DONE AND ORDERED in Chambers at New Port Richey, Pasco County, Florida this __ day of  May,  2006.


                                                                                     W. Lowell Bray, Circuit Judge

                                                                                    Primary Appellate Judge




                                                                                    Daniel D. Diskey

                                                                                    Circuit Judge



                                                                                    Stanley R. Mills

                                                                                    Circuit Judge


Copies furnished to:

Judge Debra Roberts

Michael J. Harris, Esq., A.S.A

Robert D. Eckard, Esq.

[1] Trooper Nieman was new to the Highway Patrol, but had been on active duty with the Coast Guard for ten years in a law enforcement position.

[2] The court cited State v. Kliphouse, 771 So. 2d 16 (Fla. 4th DCA 2000).  A careful reading of Kliphouse reveals that the decision addresses the issue of  whether or not police may obtain an involuntary forcible blood extraction from an unconscious driver where the only evidence is the odor of alcohol.   The court in Kliphouse determined that the mere odor of alcohol on the breath of unconscious driver, who was determined not to have caused or contributed to the accident, did not furnish probable cause for a forced blood draw. Here the issue was whether or not there was reasonable suspicion to conduct a DUI investigation on a driver who was not unconscious and the odor of alcohol was detected during a stop for speeding. State v. Taylor, 648 So. 701 (Fla. 1995).

[3] This Court also distinguishes this case from State v. Main, 11 Fla.
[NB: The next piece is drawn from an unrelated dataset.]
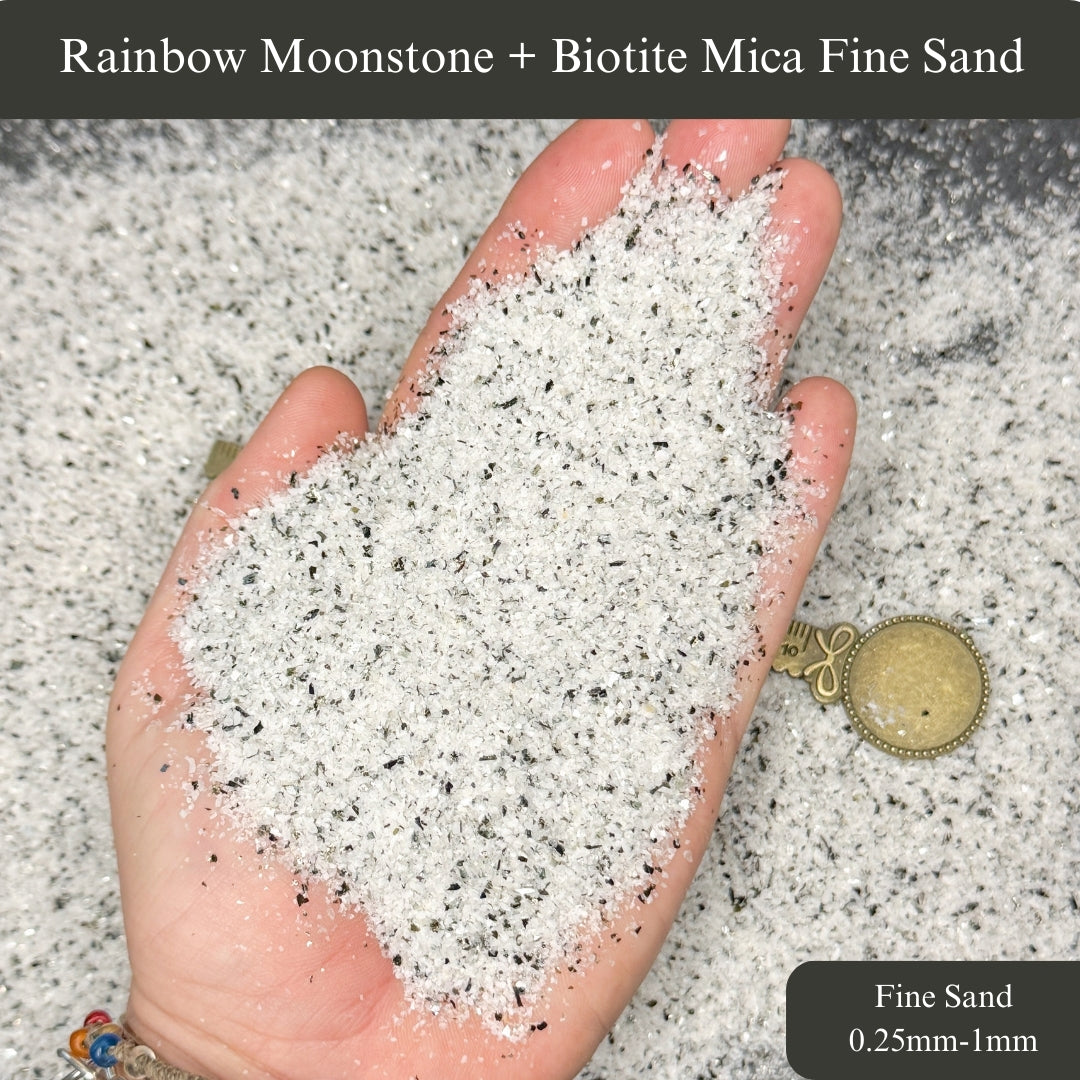 Crushed Rainbow Moonstone with Biotite Mica Sand from India, 3 Sand Sizes for Woodworking and Ring Inlay, Resin Art, Memorial Jewelry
Law Weekly Supp. 828c (Pinellas County Court 2004), cited by defendant.  In Main, defendant was stopped for speeding.  The officer testified that upon approaching the defendant he did not detect any odor of an alcoholic beverage nor did he detect anything else indicative of a DUI. After the officer completed the speeding citation he re-approached the defendant who was still seated in his vehicle and gave him the citation.  It was only at that time, after his investigation was complete and the citation issued, that he noticed an odor of alcohol and the began a DUI investigation. That is not what we have here.  In this case,  the officer testified that during his initial investigation for speeding, he detected the smell of alcohol. His investigation was not complete and the citation was not issued when he began a DUI investigation.  This Court finds that if the officer would have been remiss in his duties if he did not investigate the odor of alcohol coming from the defendant's vehicle.